=== Source information ===

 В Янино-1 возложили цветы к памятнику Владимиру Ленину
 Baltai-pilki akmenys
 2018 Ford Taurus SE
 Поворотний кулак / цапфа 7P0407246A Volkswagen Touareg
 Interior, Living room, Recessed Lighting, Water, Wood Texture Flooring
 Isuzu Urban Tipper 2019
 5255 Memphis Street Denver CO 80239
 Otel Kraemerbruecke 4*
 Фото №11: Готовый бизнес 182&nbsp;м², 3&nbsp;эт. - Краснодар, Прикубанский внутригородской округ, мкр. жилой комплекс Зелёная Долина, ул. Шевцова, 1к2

===

* Exercise objective: Exactly the lines from the one with "5255 Memphis Street Denver CO 80239" through the last line of the listing above must make up your answer.

* Your response:
 5255 Memphis Street Denver CO 80239
 Otel Kraemerbruecke 4*
 Фото №11: Готовый бизнес 182&nbsp;м², 3&nbsp;эт. - Краснодар, Прикубанский внутригородской округ, мкр. жилой комплекс Зелёная Долина, ул. Шевцова, 1к2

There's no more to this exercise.